The weak positive and weak negative relationships between environmental risk factors and malaria occurrences in some of the wards could be due to the protective effect of malaria control factors, for example, vector control methods including LLINs and IRS. These malaria interferences contribute significantly to the decline in malaria incidence, mainly in areas progressing towards malaria elimination (Meyrowitsch et al., 2011). Researchers (Gwitira et al., 2015) also noted that in malaria incidence where there is effective malaria control, there would be weak correlations among habitat suitability and malaria incidence. This was observed in this study in 2015, NDVI was a weak association with malaria incidence in the country. In 2016 elevation and temperature were also weak correlations with malaria incidence in the country.

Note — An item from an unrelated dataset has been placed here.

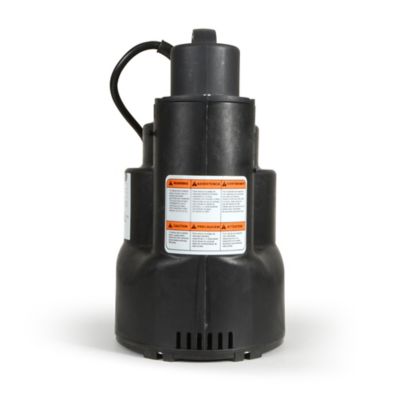 Image showing  1/4 HP 115V Electric Plastic Automatic Submersible Utility Pump, 1,800 GPH, SUP57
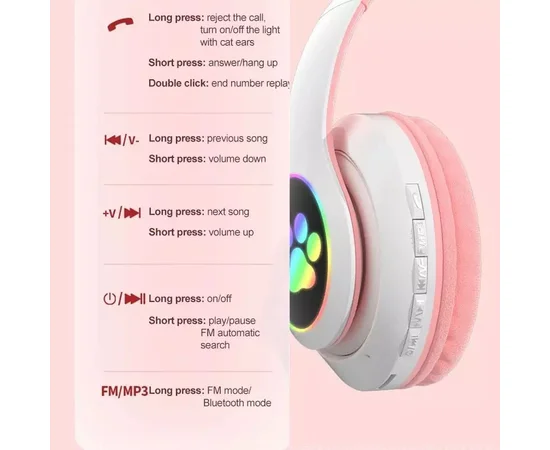 Bluetooth наушники Tucci STN-28 Розовый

Temperature, precipitation, and relative humidity are frequently used to predict for the spatial, seasonal, and interannual variation for malaria transmission, such as the dynamic malaria model forecasting malaria occurrence with seasonal climate (Hoshen and Morse, 2004). Land use, relative humidity, elevation, and precipitation have been identified by GWR to determine the regional vulnerability to malaria incidence in Purworejo, Indonesia (Hasyim et al., 2018). The GWR model revealed here in our study that elevation, temperature, precipitation, relative humidity, and NDVI significantly influence malaria incidence in some wards in Ethiopia. Similarly, in 2015 elevation, temperature, precipitation, and relative humidity have been identified by s-GWR and were significantly influence malaria incidence in some of the wards in Ethiopia. Similarly, in 2016 precipitation, NDVI, and relative humidity have been identified by the s-GWR model and were significantly influence malaria incidence in some wards in Ethiopia. However, s-GWR model allowing for spatial heterogeneity explains better the relationship of malaria incidence with environmental risk factors in Ethiopia. Similarly, in Venezuela, the GWR model analysis showed that ecological relations that act on different scales play a role in malaria transference and that modeling increases the understanding of important spatiotemporal inconsistency (Hasyim et al., 2018).